Why hasn’t commercial air travel gotten any faster since the 1960s?

In an era when everything else is accelerating, airplanes are actually flying at slower speeds than they used to…

By Peter Dunn

Specified cruising speeds for commercial airliners today range between about 480 and 510 knots, compared to 525 knots for the Boeing 707, a mainstay of 1960s jet travel. Why? “The main issue is fuel economy,” says aeronautics and astronautics professor Mark Drela. “Going faster eats more fuel per passenger-mile. This is especially true with the newer ‘high-bypass’ jet engines with their large-diameter front fans.”

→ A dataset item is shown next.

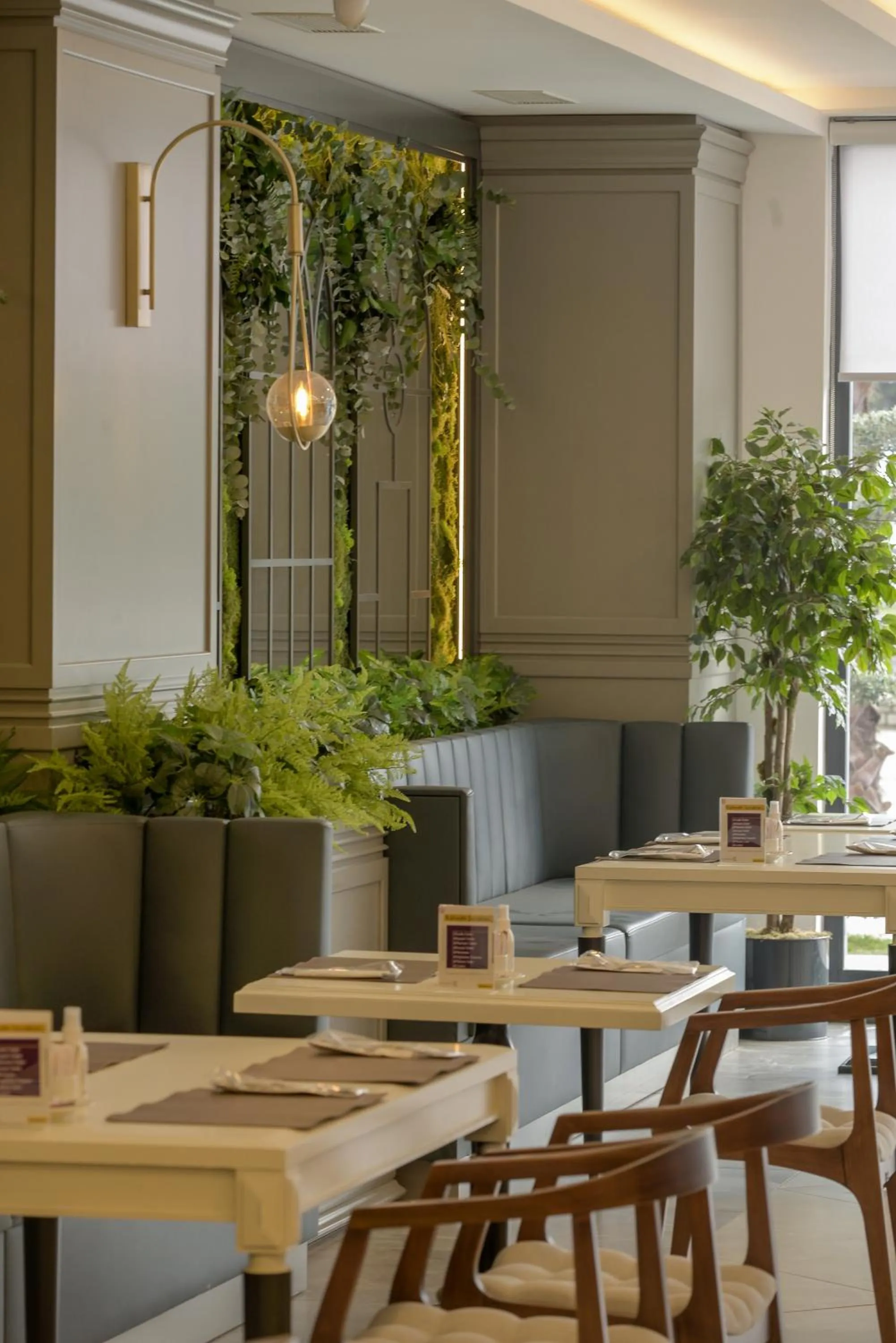 Restaurant/places to eat in Anemon Kent Aydın Otel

Observant fliers can easily spot these engines, with air intakes nearly 10 feet across, especially on newer long-range two-engine jetliners. Older engines had intakes that were less than half as wide and moved less air at higher speeds; high-bypass engines achieve the same thrust with more air at lower speed by routing most of the air (up to 93 percent in the newest designs) around the engine’s turbine instead of through it. “Their efficiency peaks are at lower speeds, which causes airplane builders to favor a somewhat slower aircraft,” says Drela. “A slower airplane can also have less wing sweep, which makes it smaller, lighter and hence less expensive.” The 707’s wing sweep was 35 degrees, while the current 777’s is 31.6 degrees.

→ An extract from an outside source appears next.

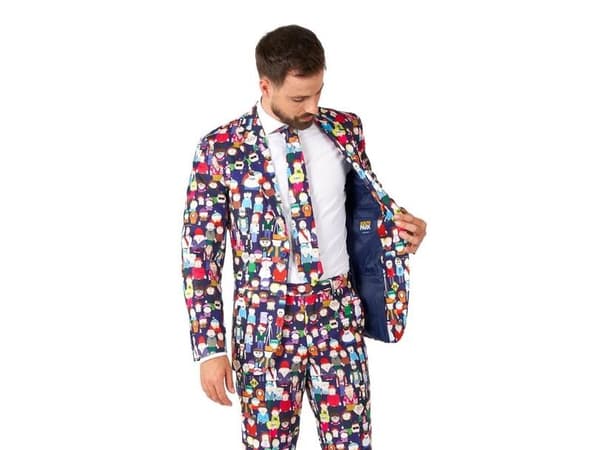 OppoSuit South Park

There was, of course, one big exception: the Concorde flew primarily trans-Atlantic passenger routes at just over twice the speed of sound from 1976 until 2003. Product of a treaty between the British and French governments, the Concorde served a small high-end market and was severely constrained in where it could fly. An aircraft surpassing the speed of sound generates a shock wave that produces a loud booming sound as it passes overhead; fine, perhaps, over the Atlantic Ocean, but many countries banned supersonic flights over their land. The sonic-boom problem “was pretty much a show-stopper for supersonic transports,” says Drela.

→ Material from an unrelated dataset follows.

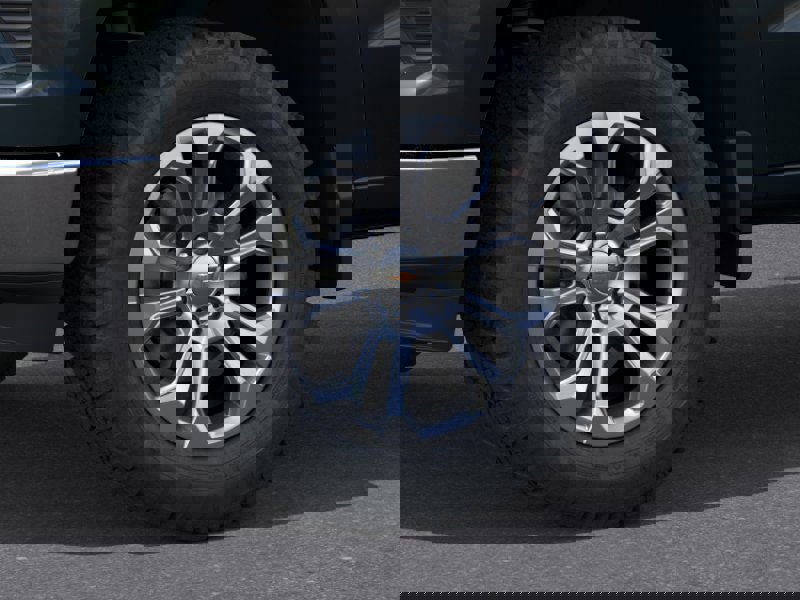 New 2026 Chevrolet Silverado 1500 LTZ w/ LTZ Premium Package image 9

Some hope for future supersonic travel remains, at least for those able to afford private aircraft. Several companies are currently developing supersonic business jets. Their smaller size and creative new “boom-shaping” designs could reduce or eliminate the noise, and Drela notes that supersonic flight’s higher fuel burn per passenger-mile will be less of an issue for private operators than airlines. “But whether they are politically feasible is another question,” he notes.

For now, it seems, travelers will have to appreciate the virtues of high-bypass engines, and perhaps bring along a good book.